EXERCISE PROMPT — Nothing in the records should be changed in the copy, though the pictures must be left out.
══ DATA ══
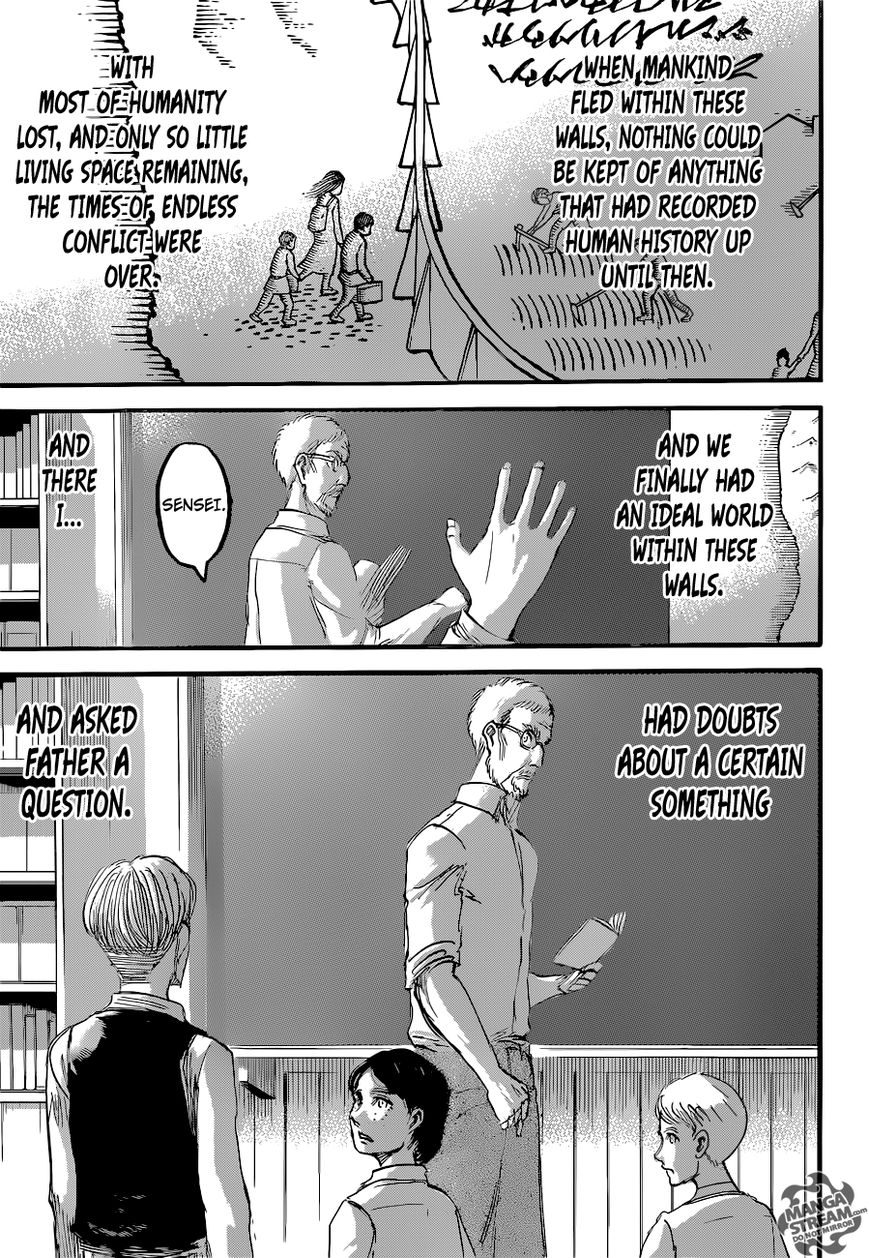 Attack on Titan manga, chapter 55, page 13 of 47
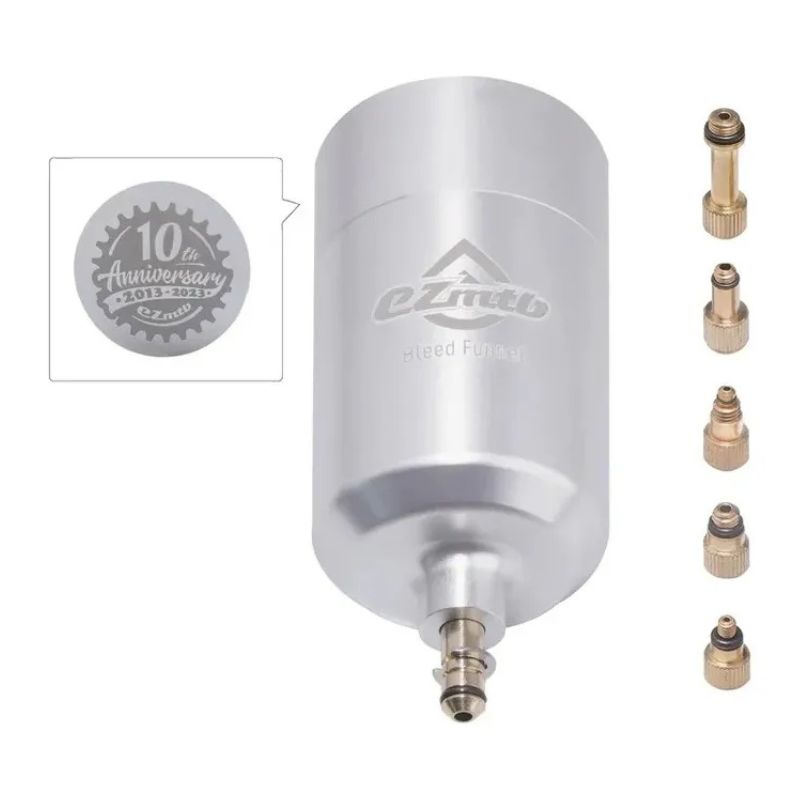 9800 (37) Kit de purgado EZMTB embudo aluminio c/tapa de cierre hermet - Imagen 1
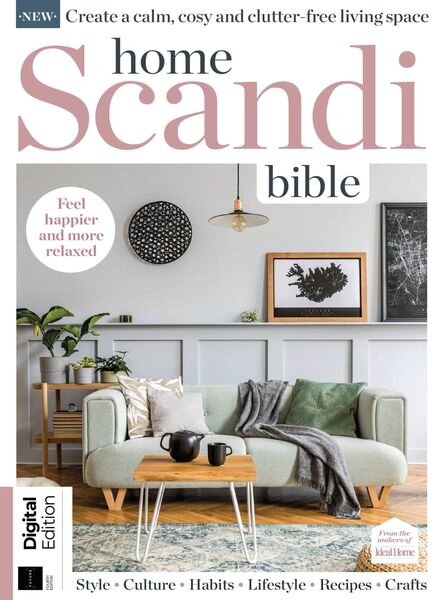 The Home Scandi Bible – June 2023 Cover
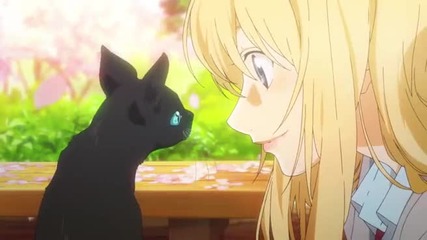 Shigatsu wa Kimi no Uso Епизод 1 Eng Sub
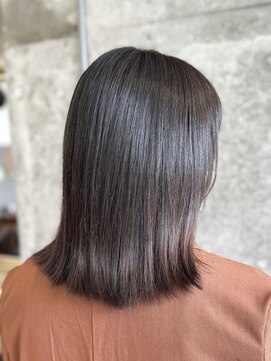 アヤラグランスパ 船橋店(AyaLA GRAN SPA) 【黒田 愛梨】 暗めブラウンカラー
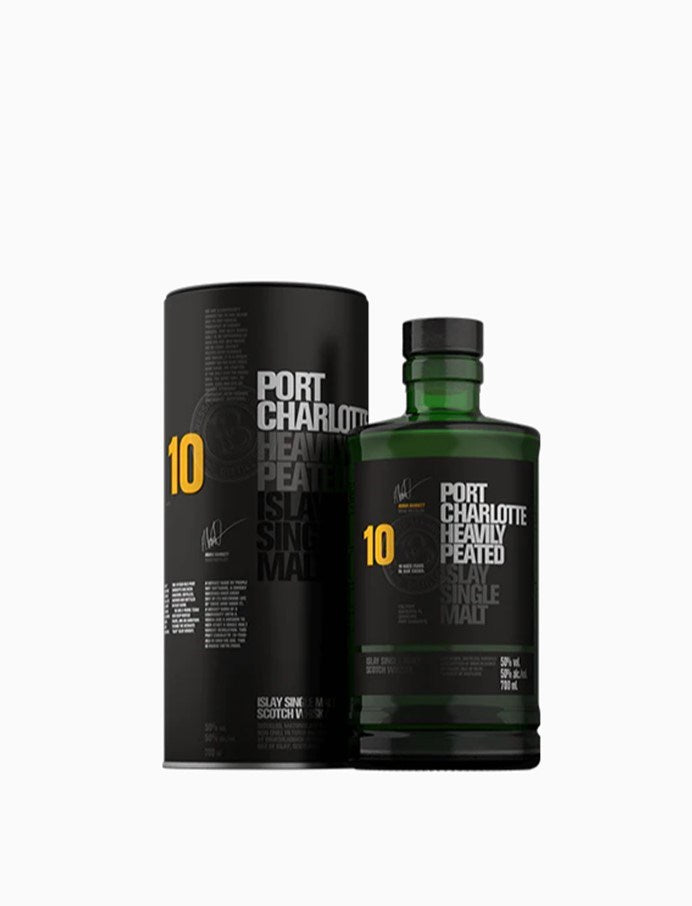 Bruichladdich Port Charlotte Heavily Peated Islay Single Malt Whisky 700mL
═══
RESPONSE AREA —
 Attack on Titan manga, chapter 55, page 13 of 47
 9800 (37) Kit de purgado EZMTB embudo aluminio c/tapa de cierre hermet - Imagen 1
 The Home Scandi Bible – June 2023 Cover
 Shigatsu wa Kimi no Uso Епизод 1 Eng Sub
 アヤラグランスパ 船橋店(AyaLA GRAN SPA) 【黒田 愛梨】 暗めブラウンカラー
 Bruichladdich Port Charlotte Heavily Peated Islay Single Malt Whisky 700mL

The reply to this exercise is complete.